(See UPDATE below)

In a briefing today with interested parties, the Senate Banking Committee’s chairman and ranking member confirmed that Senate Majority Leader Harry Reid, D-Nev., and Minority Leader Mitch McConnell, R-Ky., have agreed to a deal that will allow flood insurance reform legislation to proceed this week as an attachment to the transportation conference report. (The flood insurance section starts on page 521.)

The five-year reauthorization tracks closely to the Senate’s version of legislation to reform the National Flood Insurance Program. It would phase-out subsidized premiums for second homes, commercial properties and properties subject to severe repetitive loss over a roughly four-year period, with rates for those properties rising 25% per year until they reach actuarially indicated levels.

The bill also strengthens the Federal Emergency Management Agency’s mitigation programs, requires the NFIP to complete its project to update flood insurance rate maps, directs the flood program to build a catastrophe reserve for large flood events and requests that FEMA explore the option of using private reinsurance or catastrophe bonds to shore up the program’s finances. The NFIP remains nearly $18 billion in debt to the U.S. Treasury, most of it accrued during the record 2005 hurricane season.

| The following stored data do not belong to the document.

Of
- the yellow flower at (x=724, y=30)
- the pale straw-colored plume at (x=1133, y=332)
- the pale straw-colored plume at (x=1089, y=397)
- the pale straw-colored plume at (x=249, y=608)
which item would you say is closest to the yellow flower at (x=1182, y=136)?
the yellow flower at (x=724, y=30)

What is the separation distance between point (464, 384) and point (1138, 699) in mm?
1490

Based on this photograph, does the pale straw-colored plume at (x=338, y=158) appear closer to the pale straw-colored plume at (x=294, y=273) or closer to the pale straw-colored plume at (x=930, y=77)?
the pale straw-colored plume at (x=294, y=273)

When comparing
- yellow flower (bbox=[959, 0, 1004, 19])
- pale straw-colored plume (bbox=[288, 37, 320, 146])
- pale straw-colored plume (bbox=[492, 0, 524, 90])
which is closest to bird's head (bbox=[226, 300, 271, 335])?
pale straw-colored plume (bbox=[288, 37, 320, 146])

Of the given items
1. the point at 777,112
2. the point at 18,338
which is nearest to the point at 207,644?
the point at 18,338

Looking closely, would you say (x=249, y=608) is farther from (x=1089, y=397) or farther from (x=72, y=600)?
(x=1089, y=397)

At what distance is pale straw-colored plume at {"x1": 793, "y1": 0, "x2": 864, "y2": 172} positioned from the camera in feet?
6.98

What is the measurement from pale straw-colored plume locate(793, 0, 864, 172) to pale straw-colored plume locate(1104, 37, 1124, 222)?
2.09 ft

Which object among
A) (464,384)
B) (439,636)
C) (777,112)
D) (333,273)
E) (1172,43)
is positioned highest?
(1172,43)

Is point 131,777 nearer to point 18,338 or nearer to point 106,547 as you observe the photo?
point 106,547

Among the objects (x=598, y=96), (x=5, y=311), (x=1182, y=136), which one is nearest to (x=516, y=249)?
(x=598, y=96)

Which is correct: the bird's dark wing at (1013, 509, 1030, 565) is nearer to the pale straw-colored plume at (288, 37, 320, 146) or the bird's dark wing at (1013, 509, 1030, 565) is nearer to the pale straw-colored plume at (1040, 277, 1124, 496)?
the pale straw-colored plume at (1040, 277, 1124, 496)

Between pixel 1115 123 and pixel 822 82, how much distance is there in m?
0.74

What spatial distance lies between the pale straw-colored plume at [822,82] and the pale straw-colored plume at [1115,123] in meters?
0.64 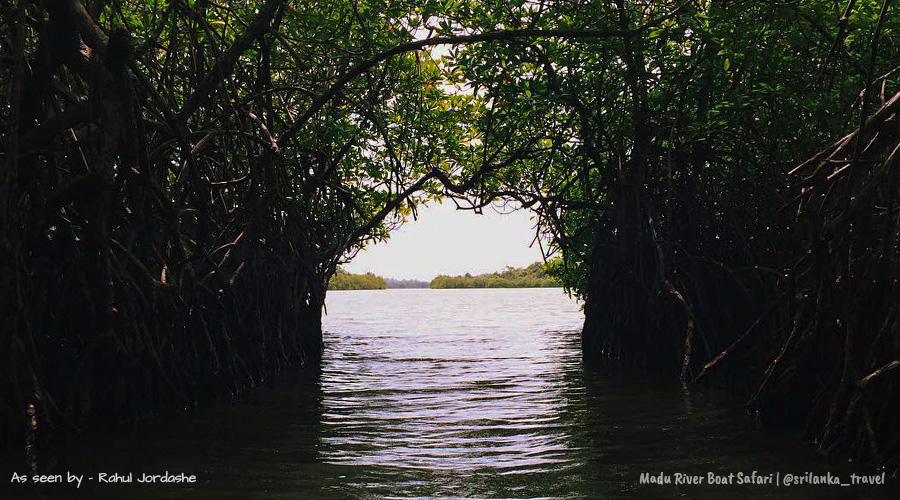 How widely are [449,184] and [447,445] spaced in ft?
16.8

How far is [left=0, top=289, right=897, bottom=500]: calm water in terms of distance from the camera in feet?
14.6

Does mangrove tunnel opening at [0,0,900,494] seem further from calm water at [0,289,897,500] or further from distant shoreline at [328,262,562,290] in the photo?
distant shoreline at [328,262,562,290]

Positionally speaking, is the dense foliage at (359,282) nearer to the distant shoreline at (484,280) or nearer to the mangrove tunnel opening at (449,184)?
the distant shoreline at (484,280)

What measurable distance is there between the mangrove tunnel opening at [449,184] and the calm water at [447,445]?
338mm

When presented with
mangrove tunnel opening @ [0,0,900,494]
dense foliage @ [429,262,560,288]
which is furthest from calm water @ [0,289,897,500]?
dense foliage @ [429,262,560,288]

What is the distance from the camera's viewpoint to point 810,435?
17.4 feet

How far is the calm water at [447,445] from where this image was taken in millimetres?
4449

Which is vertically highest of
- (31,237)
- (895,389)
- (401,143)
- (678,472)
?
(401,143)

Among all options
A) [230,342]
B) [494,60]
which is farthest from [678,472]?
[494,60]

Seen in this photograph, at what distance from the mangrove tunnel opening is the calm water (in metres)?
0.34

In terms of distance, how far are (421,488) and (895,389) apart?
2416 millimetres

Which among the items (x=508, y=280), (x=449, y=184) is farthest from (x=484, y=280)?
(x=449, y=184)

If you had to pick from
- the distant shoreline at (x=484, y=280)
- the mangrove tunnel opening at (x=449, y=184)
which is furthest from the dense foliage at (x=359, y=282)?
the mangrove tunnel opening at (x=449, y=184)

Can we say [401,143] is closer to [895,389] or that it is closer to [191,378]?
[191,378] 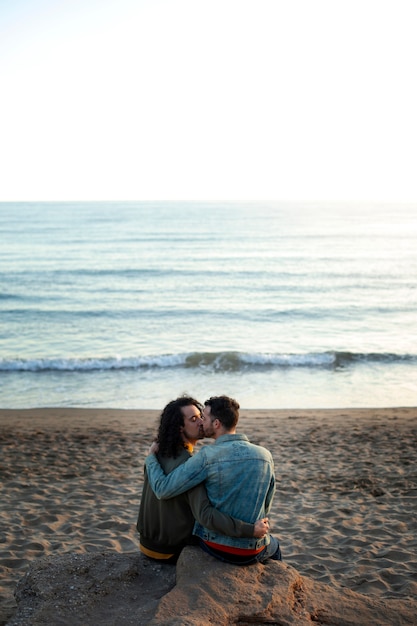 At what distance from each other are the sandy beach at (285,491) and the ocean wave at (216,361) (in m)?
5.40

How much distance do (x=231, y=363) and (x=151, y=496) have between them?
1342 cm

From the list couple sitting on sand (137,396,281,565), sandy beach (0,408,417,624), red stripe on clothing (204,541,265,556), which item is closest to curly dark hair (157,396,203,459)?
couple sitting on sand (137,396,281,565)

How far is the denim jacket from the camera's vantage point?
147 inches

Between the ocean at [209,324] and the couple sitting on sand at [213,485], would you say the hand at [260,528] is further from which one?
the ocean at [209,324]

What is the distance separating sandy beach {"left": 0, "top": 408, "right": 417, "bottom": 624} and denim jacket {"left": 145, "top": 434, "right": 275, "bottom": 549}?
162 centimetres

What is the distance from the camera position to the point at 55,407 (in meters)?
12.8

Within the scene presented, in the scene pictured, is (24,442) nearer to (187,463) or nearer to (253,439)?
(253,439)

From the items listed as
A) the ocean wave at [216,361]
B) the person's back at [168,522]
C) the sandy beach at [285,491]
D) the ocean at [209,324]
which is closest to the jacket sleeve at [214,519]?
the person's back at [168,522]

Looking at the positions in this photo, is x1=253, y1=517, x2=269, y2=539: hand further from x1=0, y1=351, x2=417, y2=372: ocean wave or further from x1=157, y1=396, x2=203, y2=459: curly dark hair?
x1=0, y1=351, x2=417, y2=372: ocean wave

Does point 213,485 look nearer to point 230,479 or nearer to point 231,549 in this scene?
point 230,479

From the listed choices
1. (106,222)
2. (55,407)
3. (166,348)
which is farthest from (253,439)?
(106,222)

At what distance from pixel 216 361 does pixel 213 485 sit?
1394cm

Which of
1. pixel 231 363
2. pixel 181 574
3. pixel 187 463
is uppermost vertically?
pixel 187 463

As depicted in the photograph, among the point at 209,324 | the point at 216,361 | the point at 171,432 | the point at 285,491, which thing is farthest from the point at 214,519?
the point at 209,324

With the conference report set to be voted on by both houses in the immediate future, this marks a victory eight years in the making for taxpayer, environmental and free-market groups that long have advocated significant reforms to the flood program. While the final bill doesn’t go as far as we would like in moving more of the risk to the private sector, it represents a significant step forward in reducing wasteful and environmentally destructive subsidies for development in flood-prone areas.

UPDATE: It now appears that Section 107 of the bill, which dealt with the residual risk of properties behind levees and other flood control structures, has been excised entirely. This would preserve the status quo that the NFIP assumes that levees will never fail. R Street and Taxpayers for Common Sense had urged the Senate to preserve the residual risk language in the existing bill.